▶ What the task requires:
As soon as the line containing "In order to" appears in the material below, start returning lines exactly, and end with the line containing "Let's make protein-rich".

▶ Provided data:
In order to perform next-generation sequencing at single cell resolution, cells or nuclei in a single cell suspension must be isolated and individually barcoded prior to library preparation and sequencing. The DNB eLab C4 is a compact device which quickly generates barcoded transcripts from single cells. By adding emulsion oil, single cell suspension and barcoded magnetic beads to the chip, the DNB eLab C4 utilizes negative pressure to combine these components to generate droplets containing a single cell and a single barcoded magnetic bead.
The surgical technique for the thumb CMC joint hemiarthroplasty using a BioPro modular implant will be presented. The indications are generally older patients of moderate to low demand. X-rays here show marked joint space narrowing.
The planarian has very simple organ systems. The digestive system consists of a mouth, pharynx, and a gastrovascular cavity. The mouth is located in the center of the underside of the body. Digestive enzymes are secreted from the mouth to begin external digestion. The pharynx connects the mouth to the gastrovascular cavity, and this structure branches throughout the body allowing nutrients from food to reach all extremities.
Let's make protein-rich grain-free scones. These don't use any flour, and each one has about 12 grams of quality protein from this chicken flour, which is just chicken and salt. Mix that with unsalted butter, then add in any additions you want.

* * *

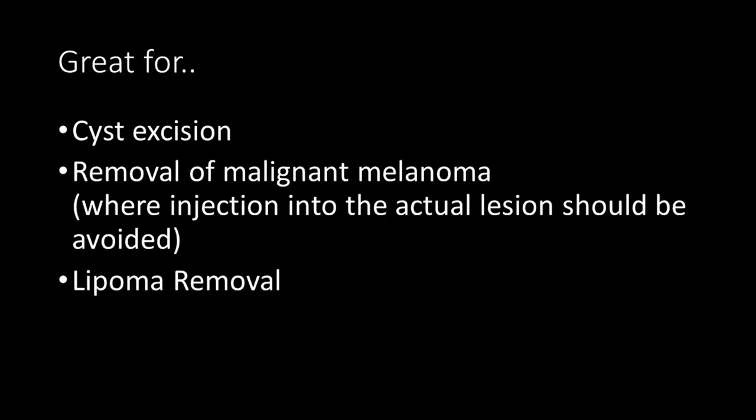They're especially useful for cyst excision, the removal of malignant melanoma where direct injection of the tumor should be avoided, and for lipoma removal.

▶ Answer below:
In order to perform next-generation sequencing at single cell resolution, cells or nuclei in a single cell suspension must be isolated and individually barcoded prior to library preparation and sequencing. The DNB eLab C4 is a compact device which quickly generates barcoded transcripts from single cells. By adding emulsion oil, single cell suspension and barcoded magnetic beads to the chip, the DNB eLab C4 utilizes negative pressure to combine these components to generate droplets containing a single cell and a single barcoded magnetic bead.
The surgical technique for the thumb CMC joint hemiarthroplasty using a BioPro modular implant will be presented. The indications are generally older patients of moderate to low demand. X-rays here show marked joint space narrowing.
The planarian has very simple organ systems. The digestive system consists of a mouth, pharynx, and a gastrovascular cavity. The mouth is located in the center of the underside of the body. Digestive enzymes are secreted from the mouth to begin external digestion. The pharynx connects the mouth to the gastrovascular cavity, and this structure branches throughout the body allowing nutrients from food to reach all extremities.
Let's make protein-rich grain-free scones. These don't use any flour, and each one has about 12 grams of quality protein from this chicken flour, which is just chicken and salt. Mix that with unsalted butter, then add in any additions you want.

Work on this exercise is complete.